RECORDS SUPPLIED:

[Start of Attachment]

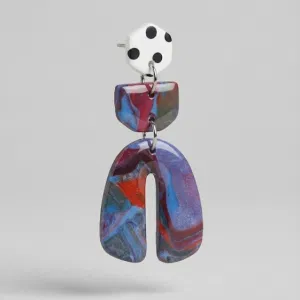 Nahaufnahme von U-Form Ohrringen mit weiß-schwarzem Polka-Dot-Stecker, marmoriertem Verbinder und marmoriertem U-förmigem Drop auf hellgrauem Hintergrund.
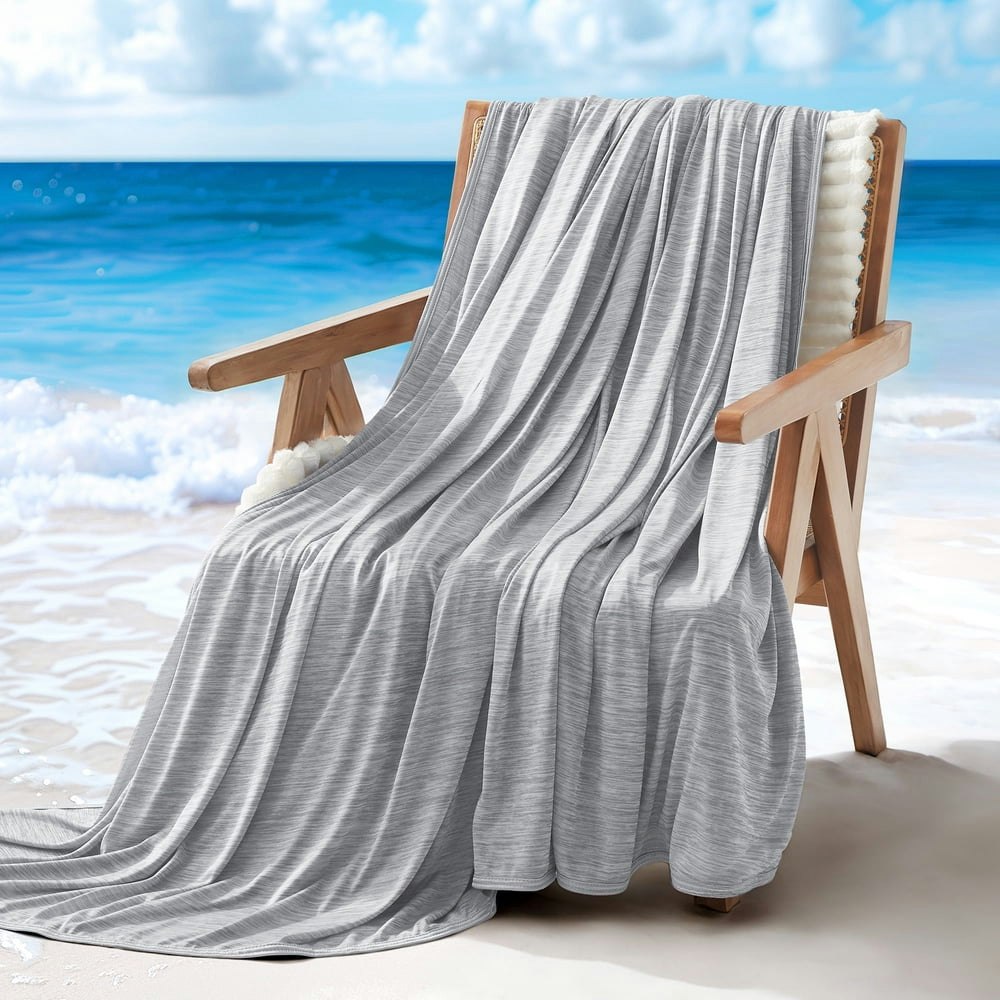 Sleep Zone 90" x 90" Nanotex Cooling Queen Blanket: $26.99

[End of Attachment]
[Start of Attachment]

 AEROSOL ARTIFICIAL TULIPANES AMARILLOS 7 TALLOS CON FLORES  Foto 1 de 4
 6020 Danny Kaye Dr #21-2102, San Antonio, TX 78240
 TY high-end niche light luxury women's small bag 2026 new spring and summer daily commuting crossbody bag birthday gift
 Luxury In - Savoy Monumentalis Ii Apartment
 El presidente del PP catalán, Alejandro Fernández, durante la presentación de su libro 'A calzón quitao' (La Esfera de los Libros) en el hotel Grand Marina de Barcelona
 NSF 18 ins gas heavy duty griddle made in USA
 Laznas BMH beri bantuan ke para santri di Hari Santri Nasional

[End of Attachment]
[Start of Attachment]

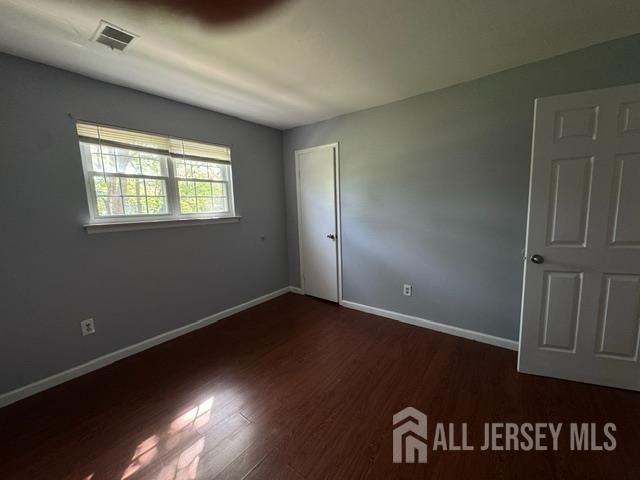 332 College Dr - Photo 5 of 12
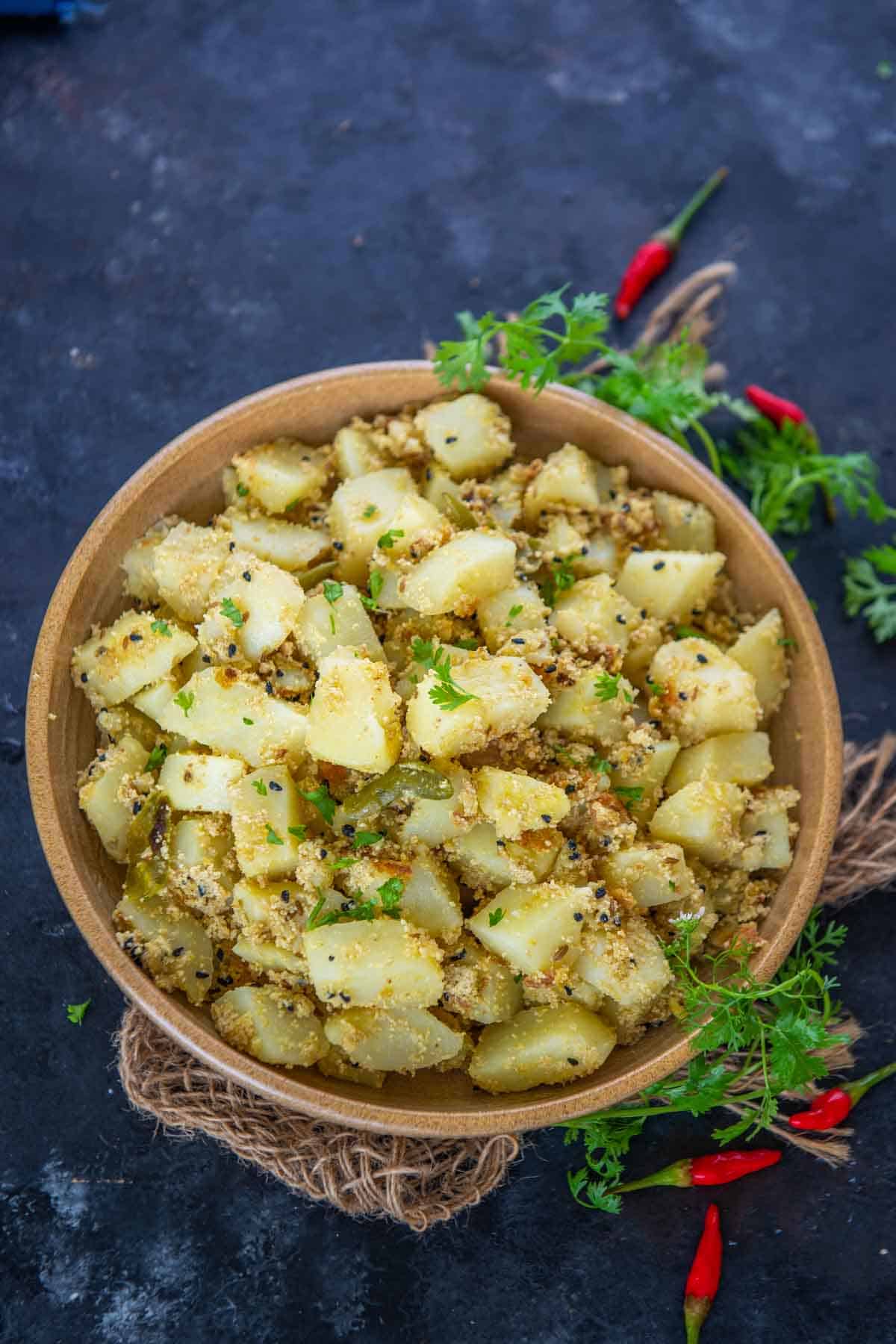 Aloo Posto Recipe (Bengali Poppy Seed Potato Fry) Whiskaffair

[End of Attachment]

WHAT YOU NEED TO DO: Repeat exactly the lines above from the one with "Luxury In - Savoy Monumentalis Ii Apartment" up to and including the one with "Laznas BMH beri". No other line belongs in the reply.

SOLUTION TO THIS TASK:
 Luxury In - Savoy Monumentalis Ii Apartment
 El presidente del PP catalán, Alejandro Fernández, durante la presentación de su libro 'A calzón quitao' (La Esfera de los Libros) en el hotel Grand Marina de Barcelona
 NSF 18 ins gas heavy duty griddle made in USA
 Laznas BMH beri bantuan ke para santri di Hari Santri Nasional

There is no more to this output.